Just when they thought they could not be under more surveillance or monitored more often, English people discovered Sunday that inspectors from the Department of Health will soon be permitted almost unrestricted and completely unprecedented entry to the homes of parents whose children are reported to be “at risk.”
The supernannies in the English government, specifically the Department of Health, have ordered local councils (government bodies with authority over small geographic areas) to “collect data” on families thought to be displaying behavior likely to cause “unintentional injury.” Shockingly, the data will be collected by sending agents into the target homes — without warrants and without warning — to determine whether the parents or guardians of the children have provided them with the necessary safety precautions such as smoke alarms, door locks, stair gates, proper temperature in the hot water heater, etc.
Prior to promulgation of these new guidelines, councils would rarely inspect a house for any reason other than building code violations or extreme risk of serious harm to public health.
The recent regulations also recommend the establishment of a nationwide database wherein the information gleaned from these searches can be collected and published.

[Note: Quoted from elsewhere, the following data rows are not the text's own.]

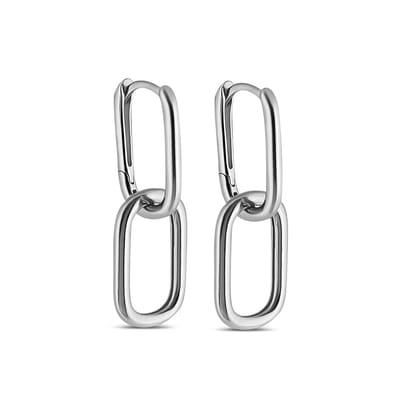 New Bling 9NB-1241 Zilveren Oorringen met Hanger - Rechthoek - Ovaal - Schakel - 16,6x11mm - 29mm Totaal Lengte- 1,6 Dikte - Rhodium - Zilver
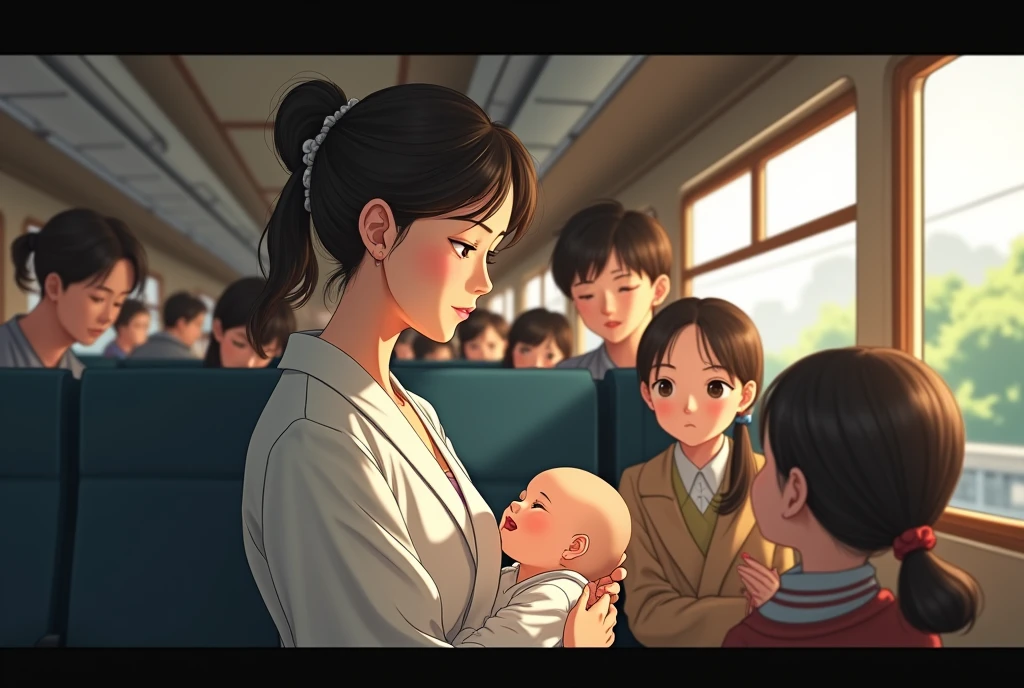 Japanese mother and baby crying on bus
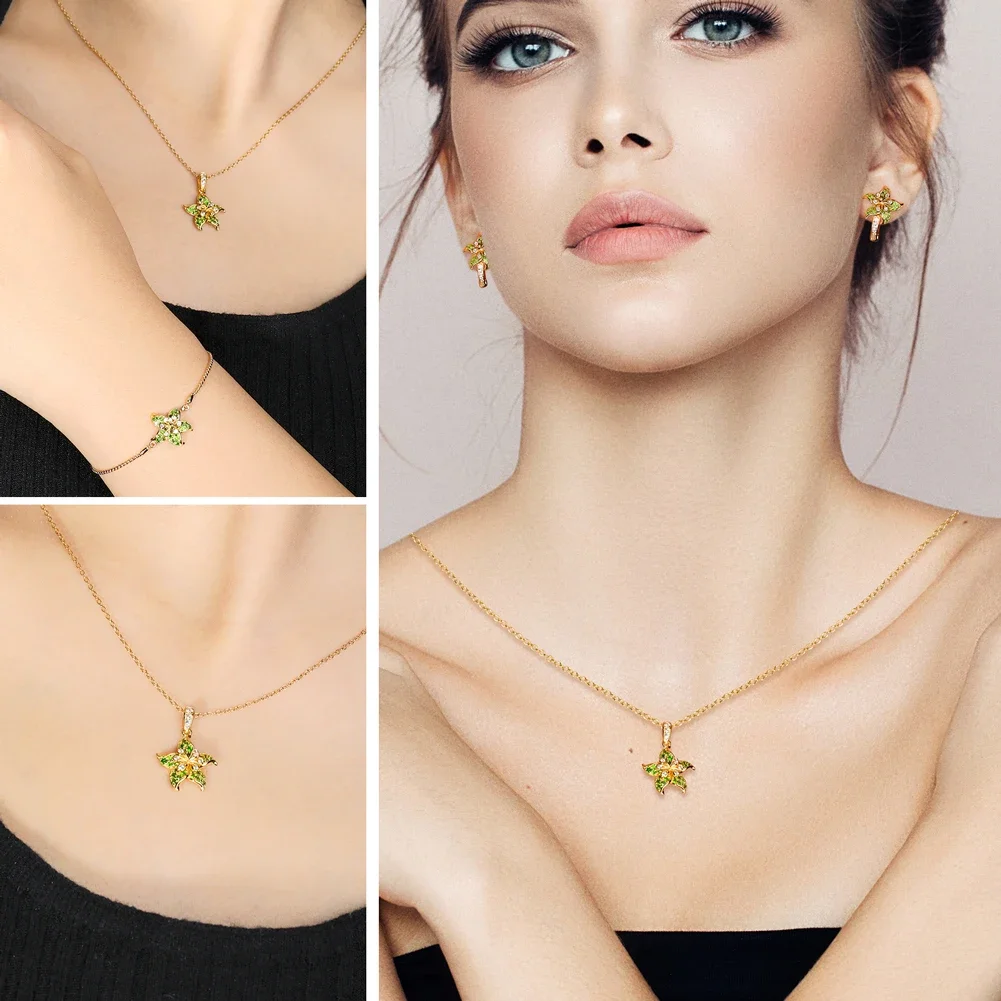 GZ ZONGFA Genuine 925 Sterling Silver Flower Pendant Necklace Set for women Natural Diopside 14K Gold Plated Trendy Fine Jewelry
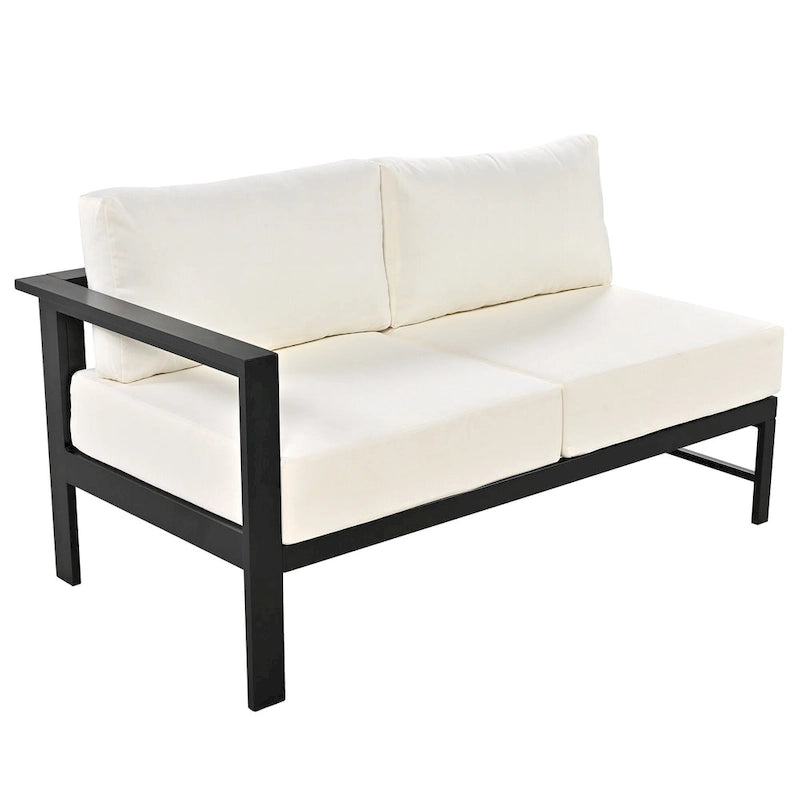Canapé d'angle d'extérieur en aluminium en forme de U 4 pièces avec coussins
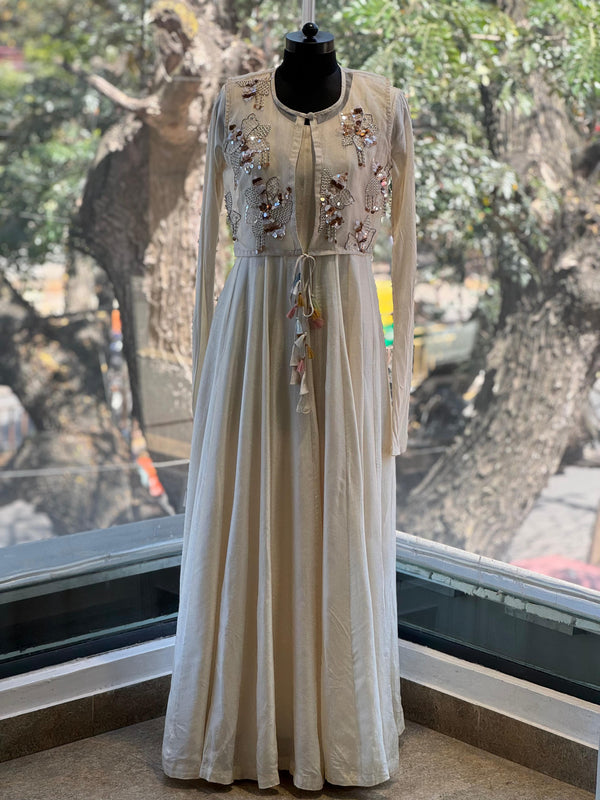 Off White Jacket Style Gown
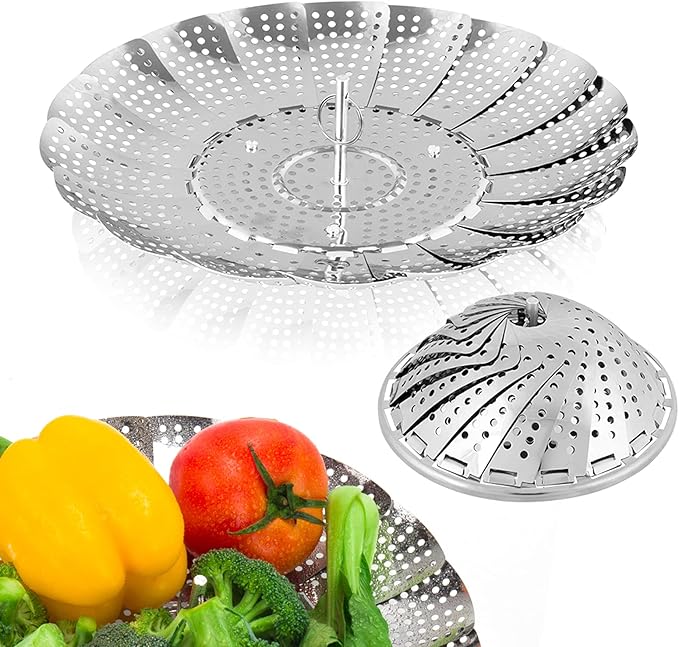 Vegetable Steamer Basket, Premium Stainless Steel Veggie Steamer Basket for cooking - Folding Expandable Steamers to Fits Various Size Pot (Large(6" to 10.5")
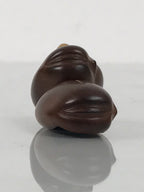 Japanese Handcarved Soramame Beans Obidome Vtg Netsuke Boxwood Brown Boxed SP2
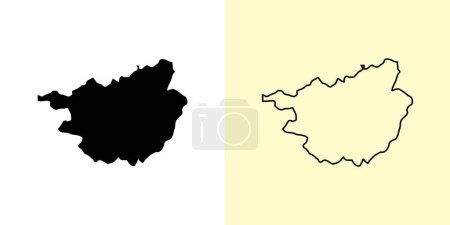 Illustration for Guangxi map, China, Asia. Filled and outline map designs. Vector illustration - Royalty Free Image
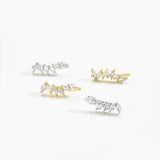 925 Silver Oval Crystal Climber Earring Piercings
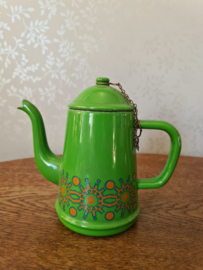 Vintage groen emaille koffiepotje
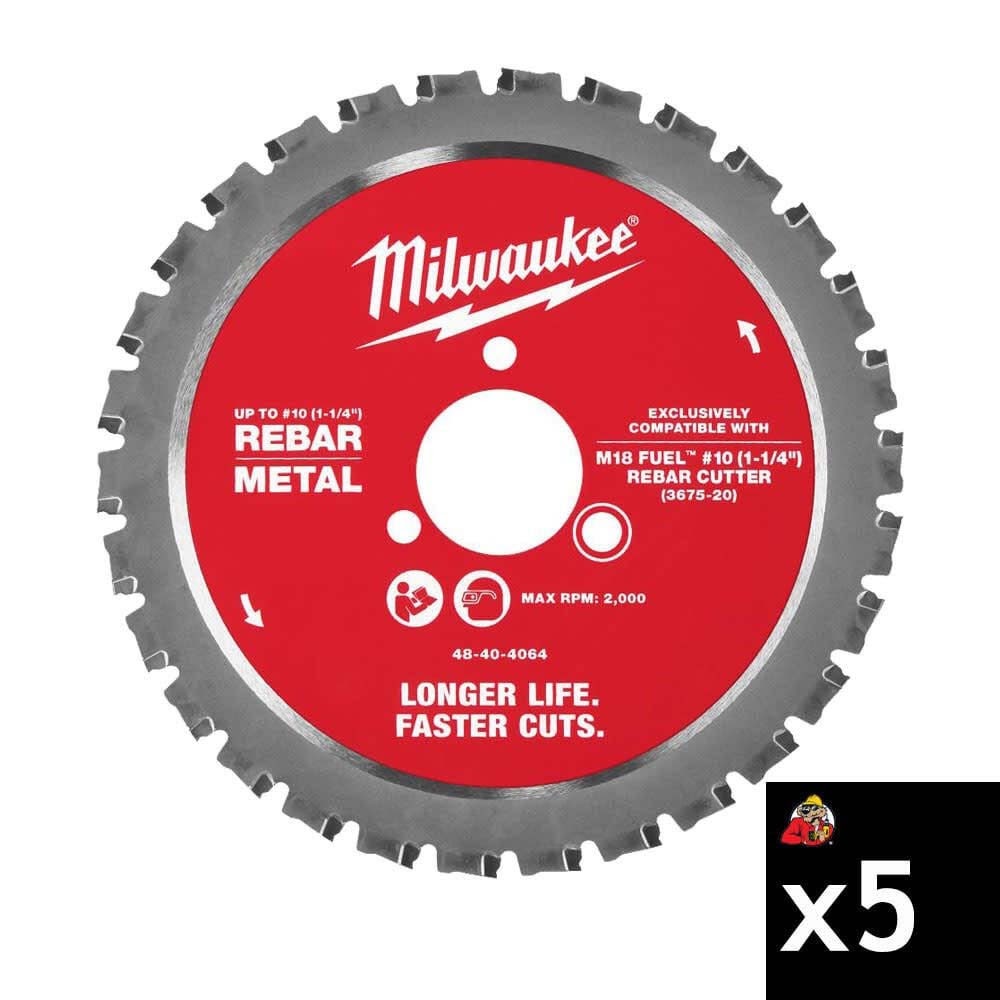 Milwaukee 48-40-4065 #10 (1-1/4 Inch) Rebar Cutting Blade for M18 FUEL Rebar Cutter (5 Pack)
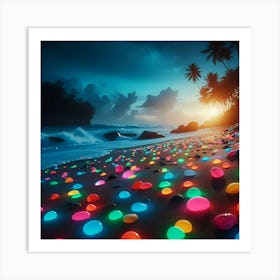 Glow In The Dark Beach Art Print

This database will be the largest of its kind in the world, according to reports in British newspapers. With the officially mandated storage of information, no matter how insignificant, councils and other government agents will have access to the most traditionally private of zones — the family home.
According to laws passed previously, doctors, midwives, teachers, and others with professional contact with children must report any “nagging doubts” they have regarding the health and safety of children in their care. Under the dictates of the new proposal, these caregivers will be afforded access to the database and will be able to amalgamate the results of their own observations.
In reports published on politics.co.uk, the universe of those required by law to report possible exposure to risky situations will be expanded to include bus drivers and parents who volunteer to participate in carpools.
While not yet the law, the scheme has been delivered to parliamentary committees for consideration and if approved, it will be enacted next year.
One of the most incredible and untenable aspects of the directives is the instruction to inspectors to “supply and install home safety equipment” in any home they deem to be inadequately protected. Such intimate interaction into the personal lives of Her Majesty’s subjects has rankled even a few normally unflappable Britons.
Matthew Elliot, spokesman for the TaxPayers’ Alliance, sagaciously summarized the ineffictiveness of the proposal when he told the Sunday Times of London, “Good parents will feel the intrusion of the state in their homes and bad parents will now have someone else to blame if they don’t bring up their children in a sensible, safe environment.”
Despite promising pockets of opposition, a statement made to the BBC by U.K. Children’s Minister Delyth Morgan demonstrates the general acceptance of such an obnoxious desecration of the most sacrosanct of edifices. “It’s not quite as radical as it sounds,” the Minister claimed.
Actually, Ms. Morgan, if the parliament of the U.K. passes this plan, the result will be a law that is more radical, more inexcusably presumptuous, and more dangerously invasive that any law enacted in recent memory, even in the cradle-to-grave, ever-and-over-vigilant nanny state that is the modern United Kingdom.